Ueber das gleichzeitige Telegraphiren auf
demselben Drahte in entgegengesetzten Richtungen.
Aus dem polytechnischen Centralblatt, 1853,
Liefer. 24.
Mit einer Abbildung auf Tab. III.
Ueber das gleichzeitige Telegraphiren auf demselben Drahte in
entgegengesetzten Richtungen.
Das Problem, auf einem und demselben Telegraphendrahte gleichzeitig zwei verschiedene Nachrichten in entgegengesetzten Richtungen
geben zu können, ist durch den österreichischen Telegraphendirector Hrn. Gintl auf eine sehr sinnreiche Weise gelöst worden. Es
bedarf hierzu auf jeder der beiden Stationen A und B (Fig. 16), zwischen
welchen in der angegebenen Weise correspondirt werden soll, nur eines Einstiftapparates, dessen Construction jedoch in
einigen Theilen von den jetzt gebräuchlichen abweichen muß.
Indem die Construction eines Morse'schen Einstiftapparates
als bekannt vorausgesetzt wird, ist hier zu bemerken, daß die Tastervorrichtung
eines Apparates, welcher gleichzeitig zum Zeichengeben und Zeichenempfangen benutzt
werden soll, aus zwei von einander isolirten Tasterhebeln der gewöhnlichen
Construction bestehen muß, welche am vorderen Ende durch ein isolirendes Querstück
verbunden sind und beim Telegraphiren durch einen darauf befindlichen Knopf
gleichzeitig niedergedrückt werden, so daß die Tasterhebel, welche in den
Scharnieren b und b₁
gehen und im Ruhestande mit den Contactpunkten c
c₁ in leitender Verbindung, von den
Contactpunkten a
a₁ aber durch einen kleinen Zwischenraum isolir
sind, beim Niederdrücken genau zu gleicher Zeit mit letzteren in Berührung kommen.

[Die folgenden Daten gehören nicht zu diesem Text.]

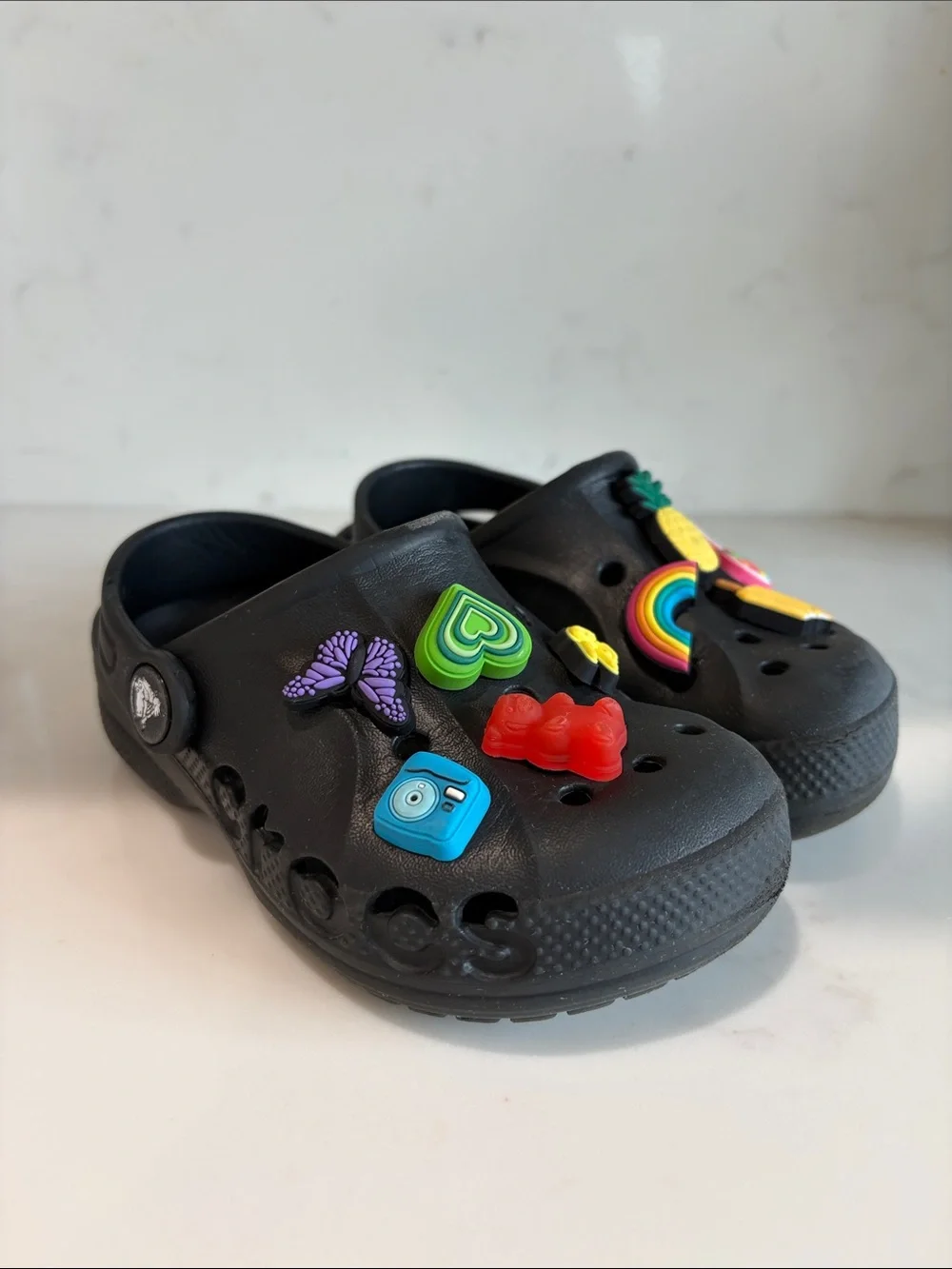 CROCS Kids Black Clogs with Colorful Charm Pins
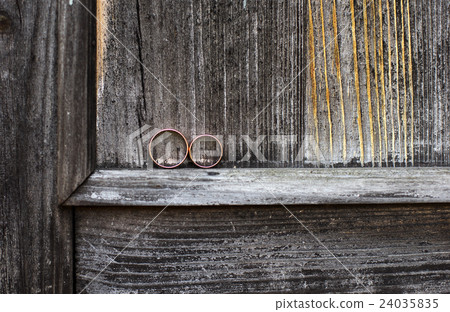 Wedding rings on a gray wooden background. Wedding rings on a gray wooden background. 24035835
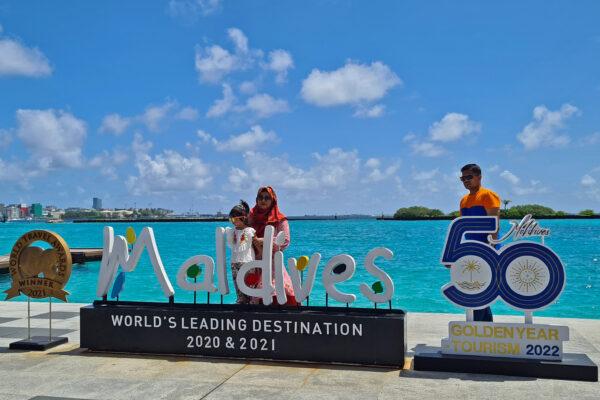 Tourists pose for pictures at the Velana International Airport in the Maldives on July 14, 2022. (AFP via Getty Images)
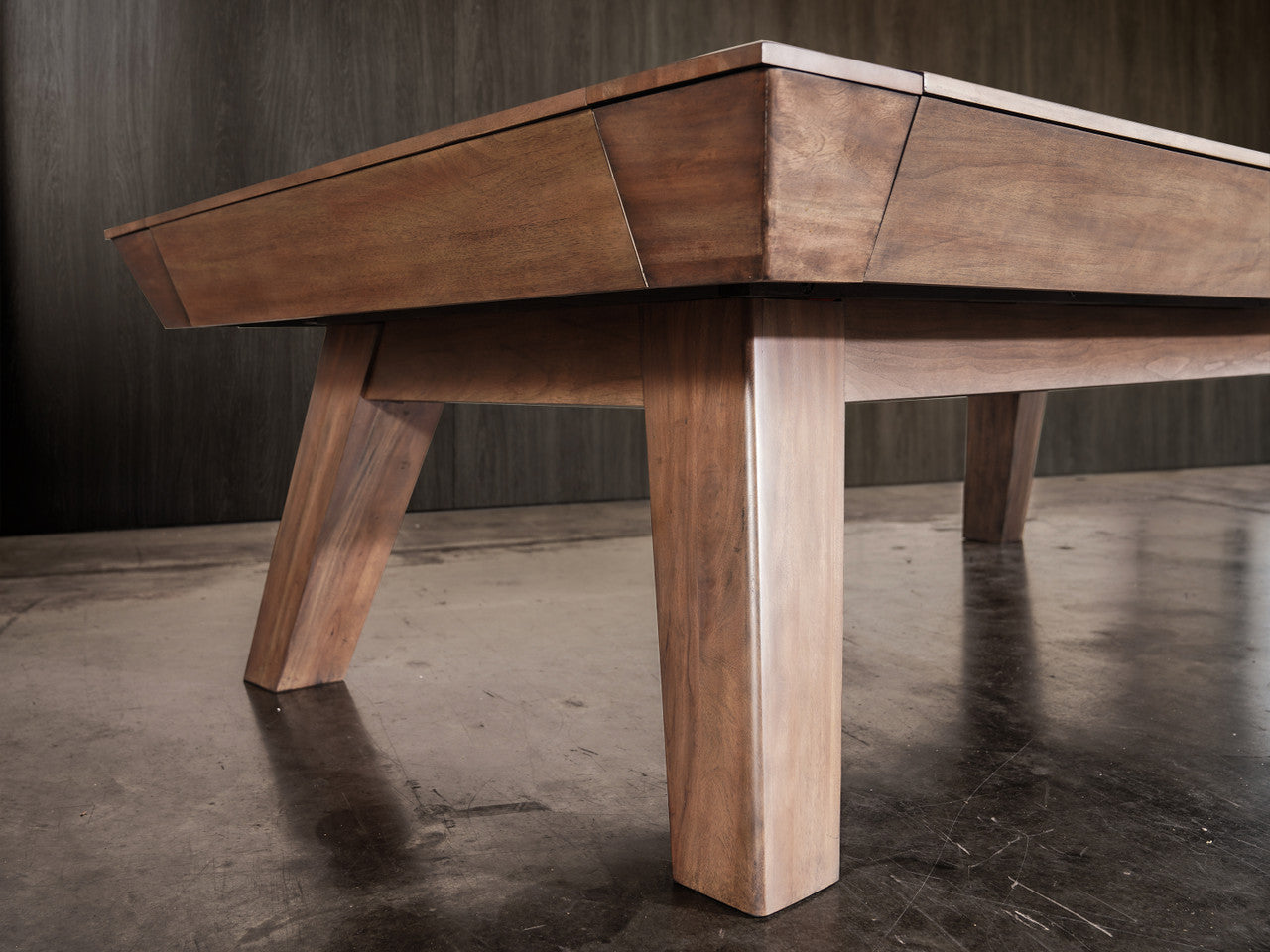 Nixon Billiards Desyn 8' Walnut Pool Table with angled legs on polished concrete floor.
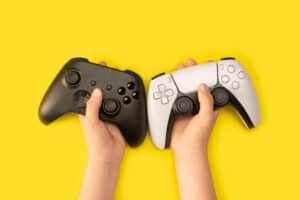 Kid holding game controllers in yellow background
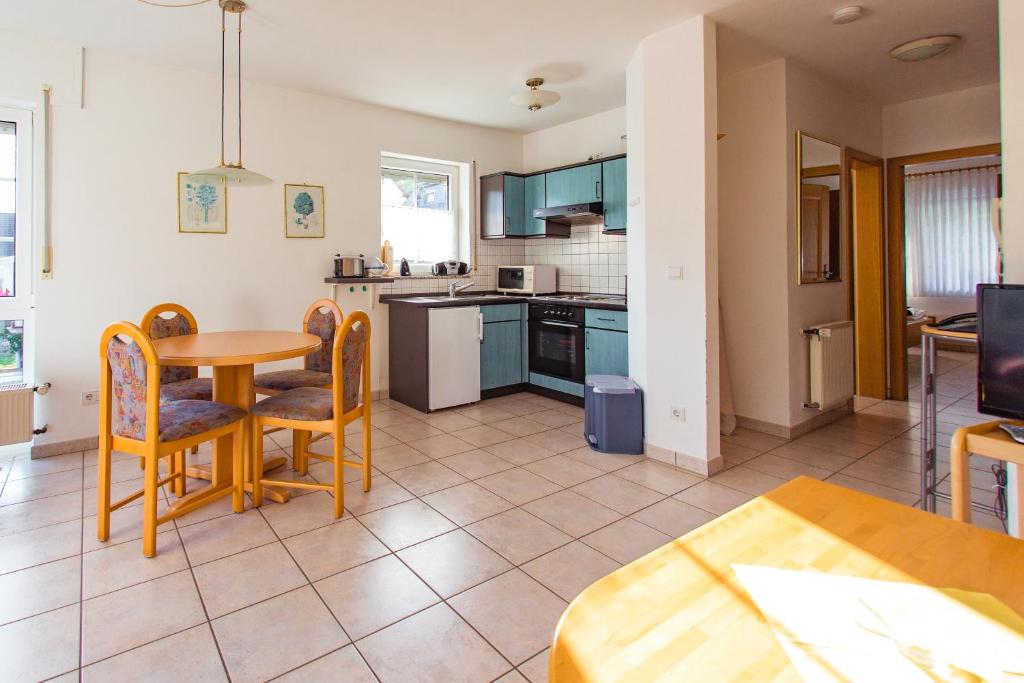 a kitchen with a table and chairs and a dining room at Ferienwohnung Sewenig in Müden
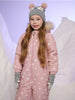 Child wearing a pink snowsuit with white star patterns and a gray hat with bear ears on a light purple background.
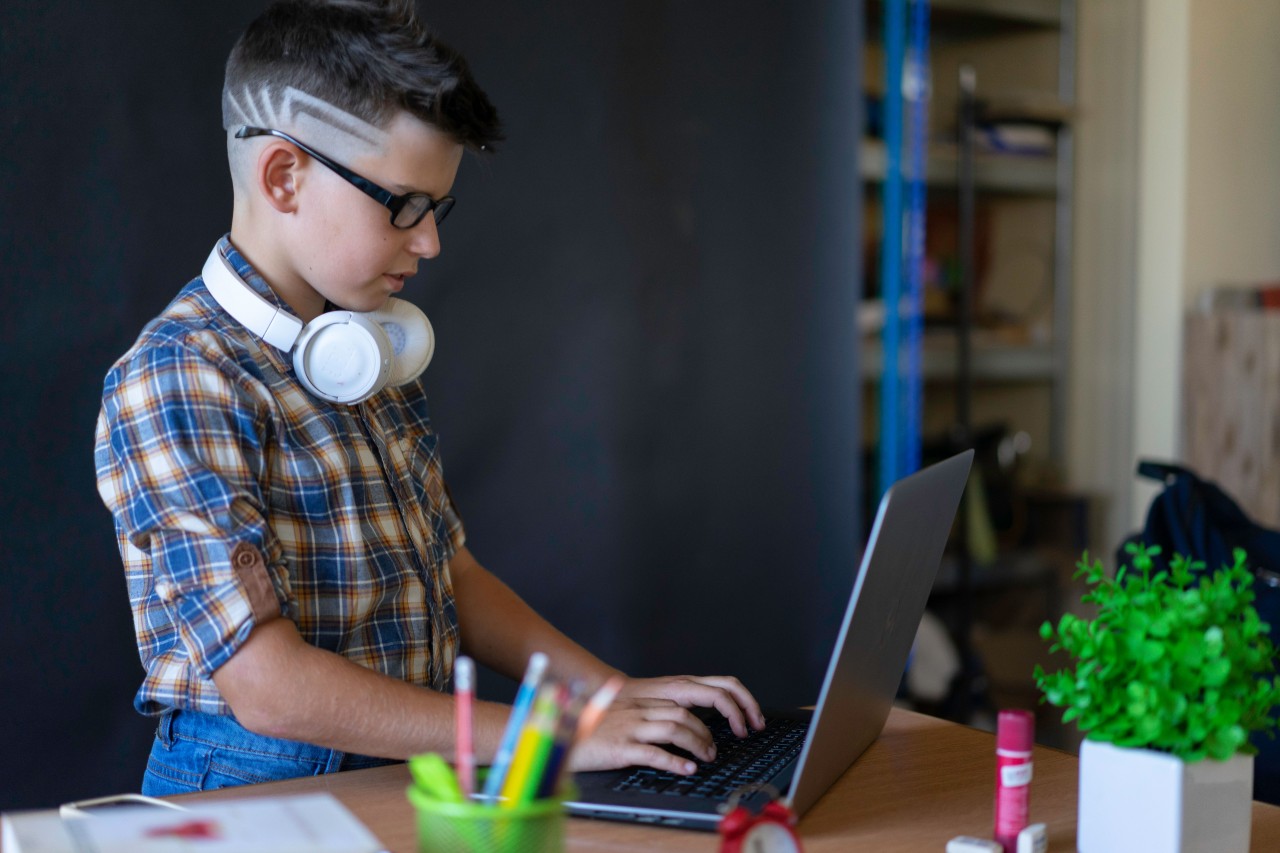 A Schoolboy in Glasses with Headphones Works on a Laptop
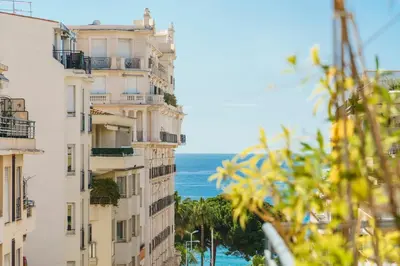 a view of two buildings with the ocean in the background at Downtown Cannes Modern 1-Br Apartment in Cannes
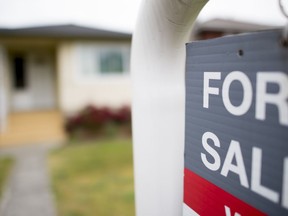 A real estate sign is pictured in Vancouver, B.C., Tuesday, June, 12, 2018. The Alberta Real Estate Association is providing its members with an emergency response app after a Realtor was sexually assaulted at an open house in Calgary last month.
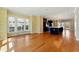 Open-concept living space with large windows, hardwood floors, and modern lighting at 2125 Burnside Nw Dr, Atlanta, GA 30318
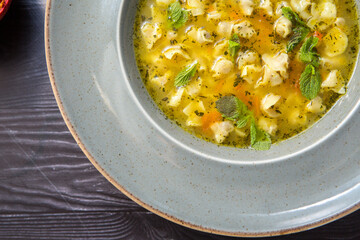 Homemade meat or chicken vegetable soup, top view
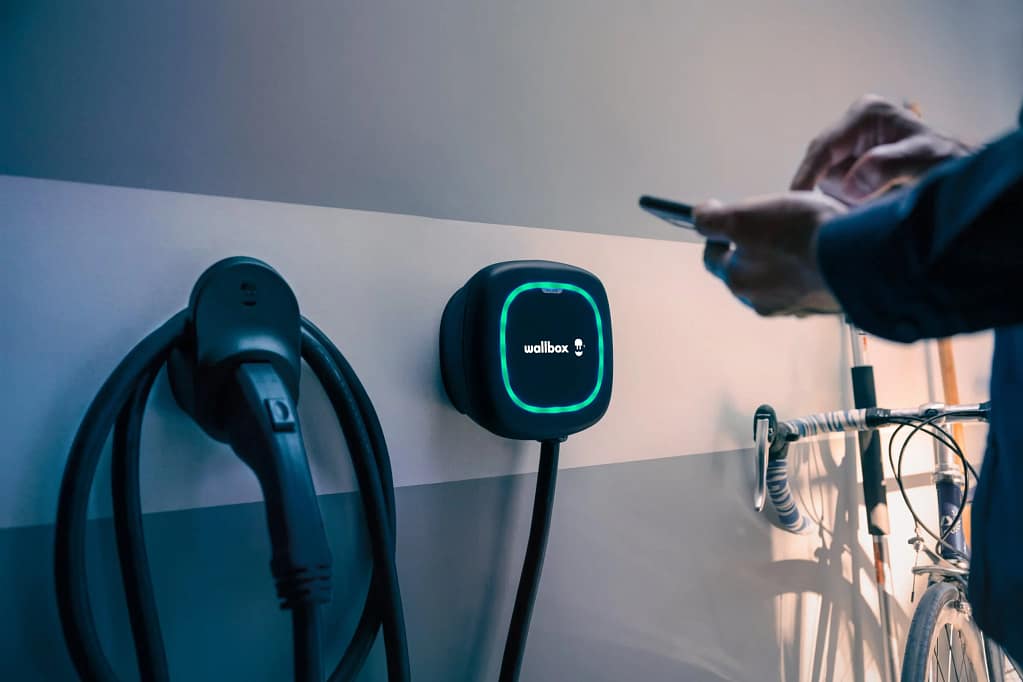 Une wallbox contre un mur avec un individu qui l'a controle depuis un smartphone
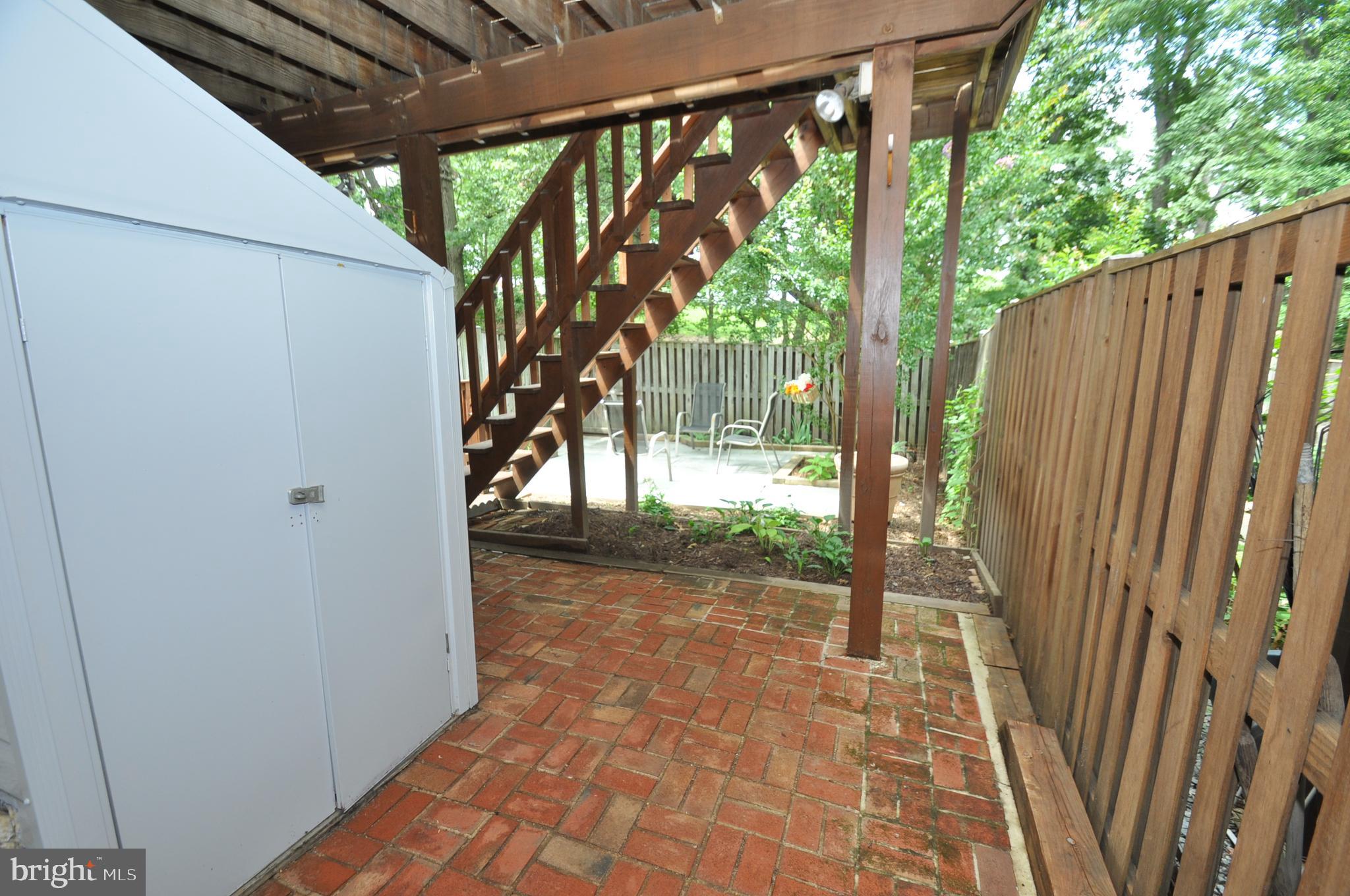 FAMILY ROOM OPENS TO BRICK PATIO & SHED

Der Tasterhebel rechts steht in gewöhnlicher Weise mit der Linien- oder
Telegraphirbatterie, mit dem Relay und der Leitung und mit der Erde in Verbindung,
nämlich der Contactpunkt a₁ mittelst der Klemme
g mit einem Pole der Linienbatterie, deren anderer
Pol mit der Erde verbunden ist, ferner das Scharnier b₁ des Tasterhebels durch die Klemme f mit
dem Relay und der Leitung, und der Contactpunkt c₁ durch die Klemme m mit der Erde.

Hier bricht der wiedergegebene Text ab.